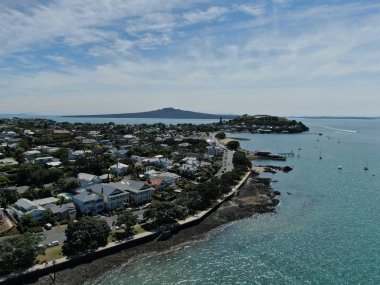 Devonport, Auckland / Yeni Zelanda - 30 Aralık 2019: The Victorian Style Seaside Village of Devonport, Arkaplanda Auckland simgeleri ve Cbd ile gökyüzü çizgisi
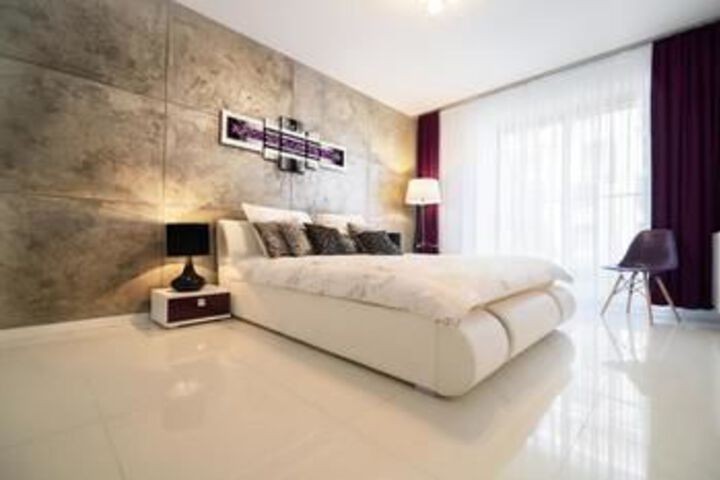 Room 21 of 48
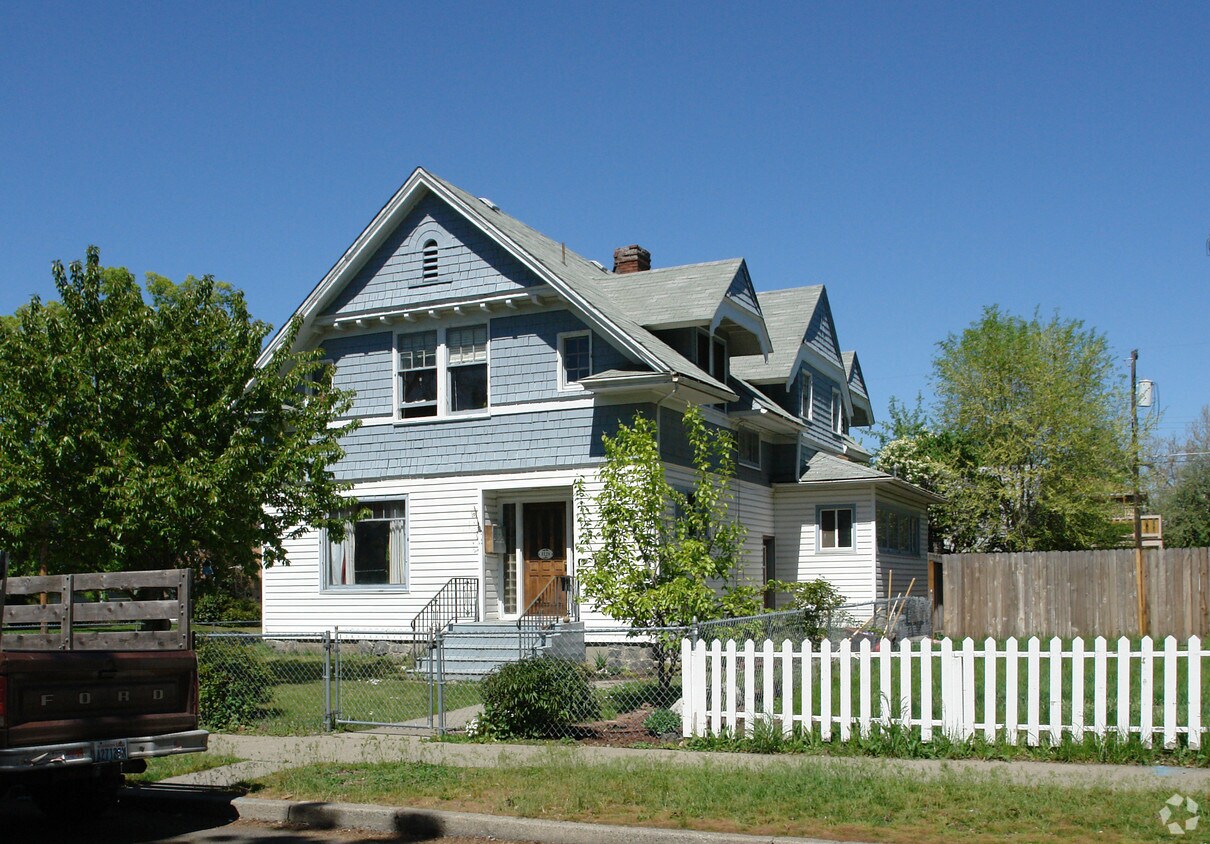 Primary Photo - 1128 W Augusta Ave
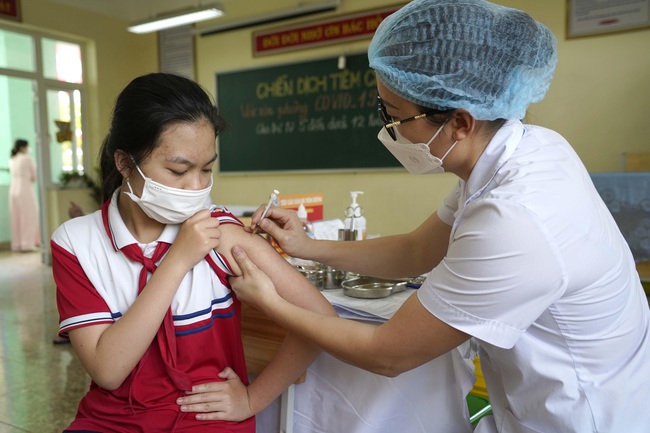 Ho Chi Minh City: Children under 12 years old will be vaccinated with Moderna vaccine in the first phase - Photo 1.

* * *

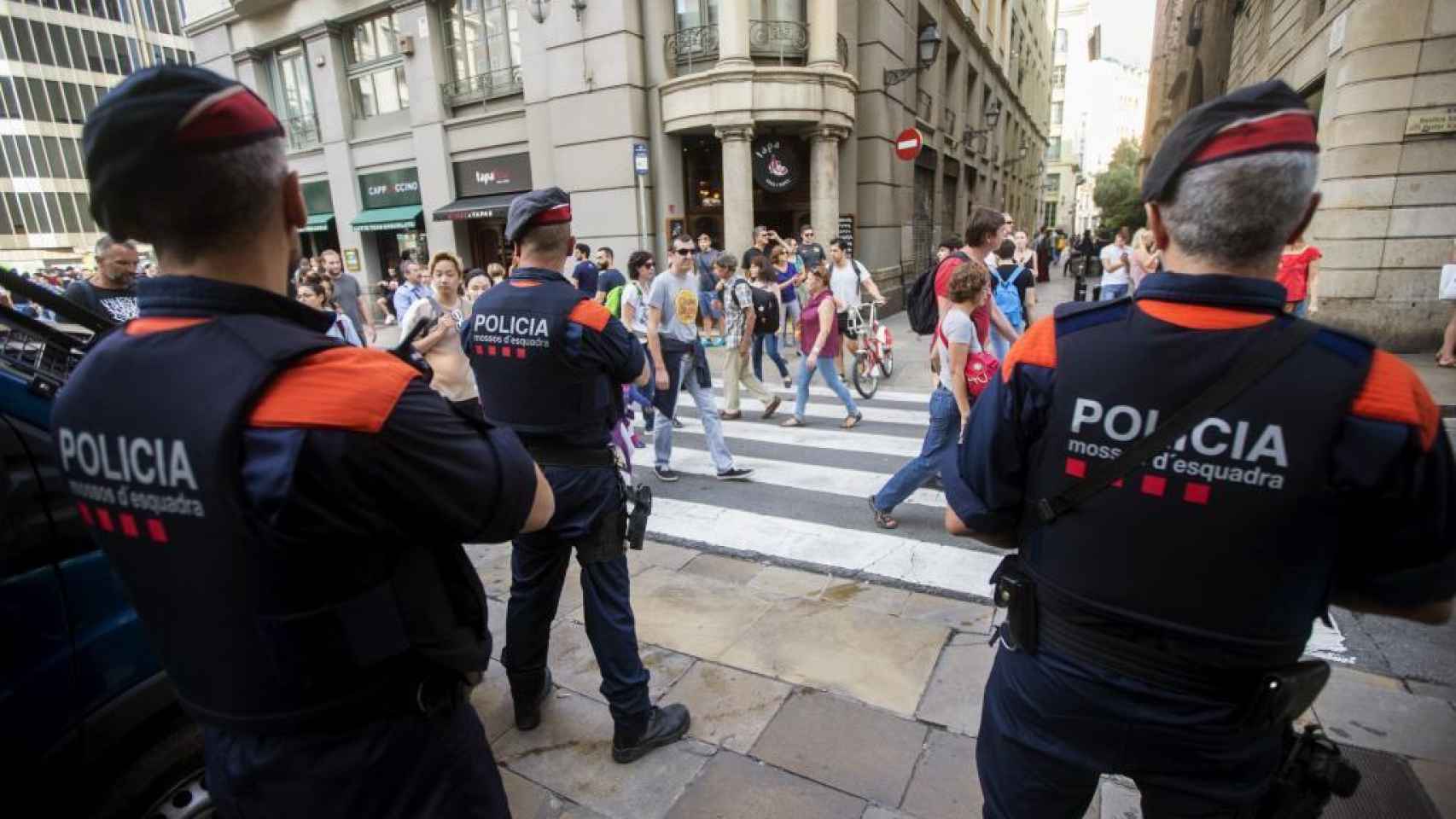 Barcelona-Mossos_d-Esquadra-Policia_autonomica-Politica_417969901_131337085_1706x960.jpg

### Required work
In the records above, find the line with "Primary Photo - 1128 W Augusta Ave" and the line with "Ho Chi Minh", then restate word for word only those two lines and all lines between, omitting pictures.

### Answer to this task
 Primary Photo - 1128 W Augusta Ave
 Ho Chi Minh City: Children under 12 years old will be vaccinated with Moderna vaccine in the first phase - Photo 1.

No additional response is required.